• tamagotchicowboy@lemmygrad.ml
    ·
    4 days ago

    Yes. If you're poorer you struggle attaining popular beauty, which is very youth and fit oriented, even outside of obvious cosmetics, good sleep, good hydration, proper nutrition and movement help keep down microwrinkles and later on wrinkles along with keeping you toned looking. Then there's things like temperature and the right amount of sunlight. Not to mention constant stress without relief.

    Cheap cosmetics are more likely to irritate your skin and look off in certain lightening, expensive cosmetics are more forgiving and last longer, making me think of a cosmetics version of the Sam Vines boots theory. This applies to lotions and such to a degree. Clothing is an obvious one and fashion is fickle and fast.

    I've noticed in the very, very impoverished rural area I live in people generally look a good 10-20 yrs older than they really are and just haggard and prematurely wrinkled. Worst I saw was some early 20yos at work I would have guessed easily for 40. Growing up in a similar area, some of my classmates in high school were already balding.

  • SadArtemis@lemmygrad.ml
    ·
    edit-2
    5 days ago

    Didn't Marx have something to say about something along the lines of this? Looked it up-

    The less you eat, drink, buy books, go to the theatre or to balls, or to the pub, and the less you think, love, theorize, sing, paint, fence, etc., the more you will be able to save and the greater will become your treasure which neither moth nor rust will corrupt—your capital. The less you are, the less you express your life, the more you have, the greater is your alienated life and the greater is the saving of your alienated being.

    Edit: also- from right prior:

    This estrangement manifests itself in part in that the sophistication of needs and of the means (of their satisfaction) on the one side produces a bestial barbarisation, a complete, crude, abstract simplicity of need, on the other; or rather in that it merely reproduces itself in its opposite.
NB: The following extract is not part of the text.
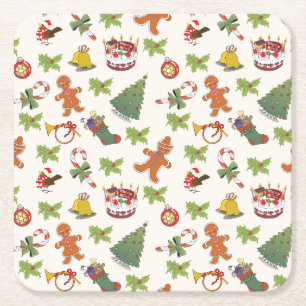 Dessous-de-verre Carré En Papier Christmas Holly, homme de gâteau et de pain d'épic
Even the need for fresh air ceases to be a need for the worker. Man returns to a cave dwelling, which is now, however, contaminated with the pestilential breath of civilisation, and which he continues to occupy only precariously, it being for him an alien habitation which can be withdrawn from him any day – a place from which, if he does not pay, he can be thrown out any day. For this mortuary he has to pay. A dwelling in the light, which Prometheus in Aeschylus designated as one of the greatest boons, by means of which he made the savage into a human being, ceases to exist for the worker. Light, air, etc. – the simplest animal cleanliness – ceases to be a need for man. Filth, this stagnation and putrefaction of man – the sewage of civilisation (speaking quite literally) – comes to be the element of life – for him. Utter, unnatural depravation, putrefied nature, comes to be his life-element. None of his senses exist any longer, and (each has ceased to function) not only in its human fashion, but in an inhuman fashion, so that it does not exist even in an animal fashion.

  • DamarcusArt@lemmygrad.ml
    ·
    5 days ago

    I believe that is an image from a cutscene in the TMNT game on the NES? If my memory serves, Donatello was questioning why men don't wear make up and the other turtles made fun of him for it (it was the 80s after all)

  • deathtoreddit@lemmygrad.ml
    ·
    edit-2
    5 days ago

    I love {the slogan}, as part of a movement, though I believe it doesn't necessarily have proper dialectical analysis to view it, on its own...

    Unserious

    And yes, the gal is hot, what about it?